Set down, exactly and with no pictures, the line that contains "(3 pack) Splash" and all lines after it in the listing.

Data provided:
[Start of Attachment]

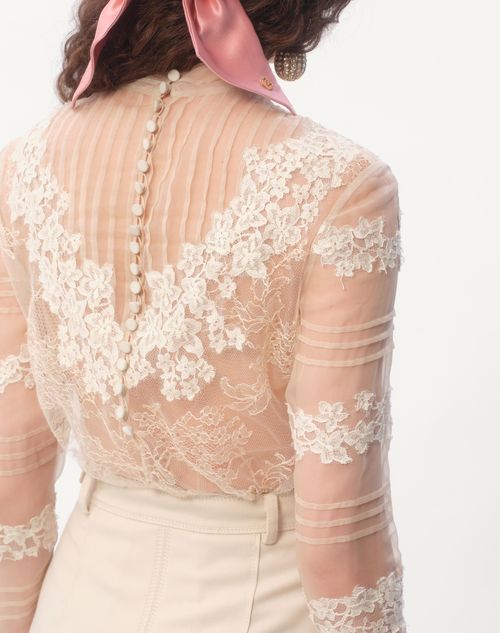 Valentino TOP DE DENTELLE CON ESTAMPADO DE ROSAS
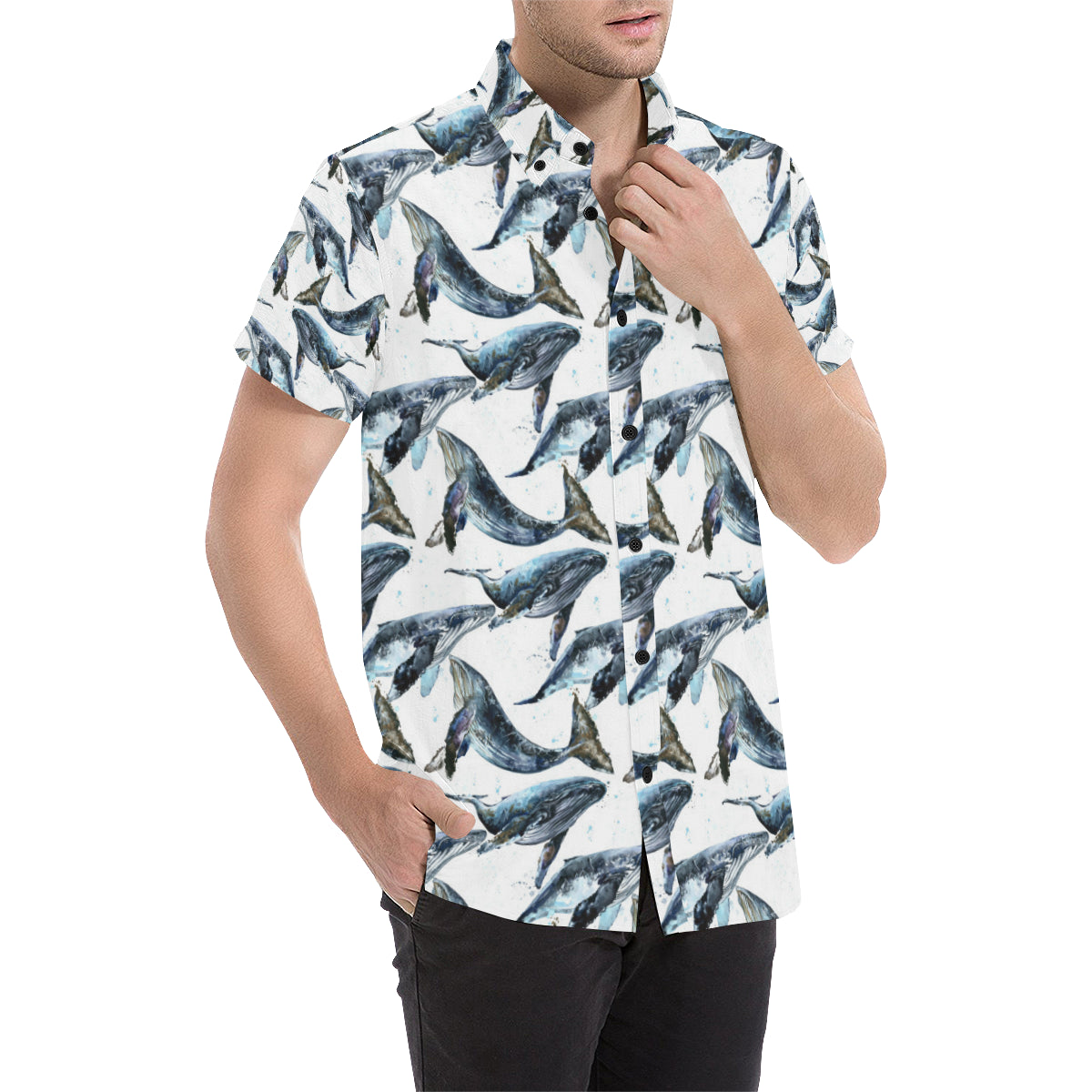 Blue Whale Pattern Print Design 03 Men's Short Sleeve Button Up Shirt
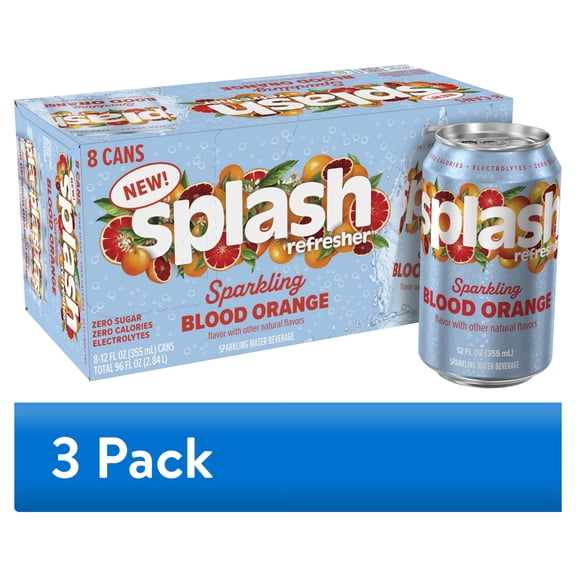 (3 pack) Splash Blast Sparkling Can, Blood Orange Flavor, 12 fl oz, 8-pack
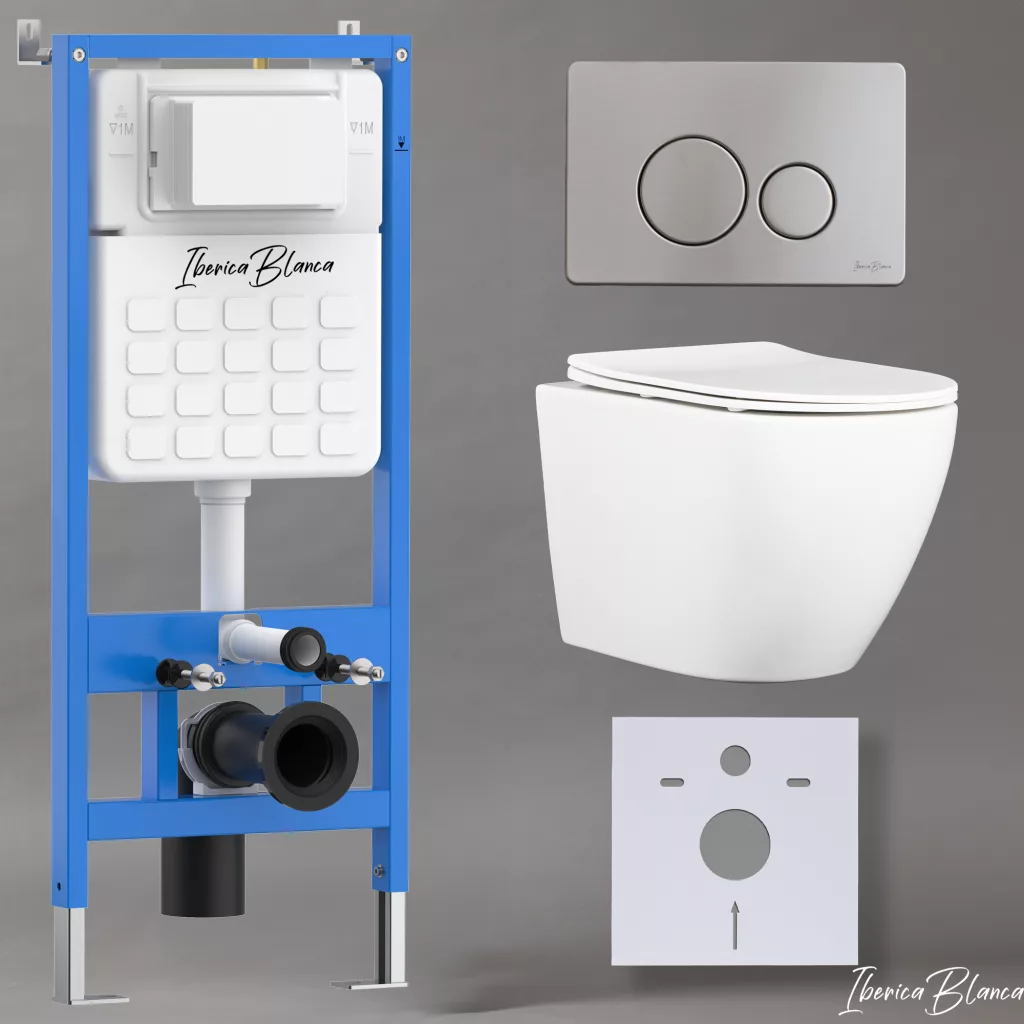 картинка Комплект 3 в 1 IBERICA BLANCA инсталляция с унитазом BILBAO ALTO IB.BLA.234.1B1 клавишей хром матовый INOX-O IB.B081.003.002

[End of Attachment]

Output below:
 (3 pack) Splash Blast Sparkling Can, Blood Orange Flavor, 12 fl oz, 8-pack
 картинка Комплект 3 в 1 IBERICA BLANCA инсталляция с унитазом BILBAO ALTO IB.BLA.234.1B1 клавишей хром матовый INOX-O IB.B081.003.002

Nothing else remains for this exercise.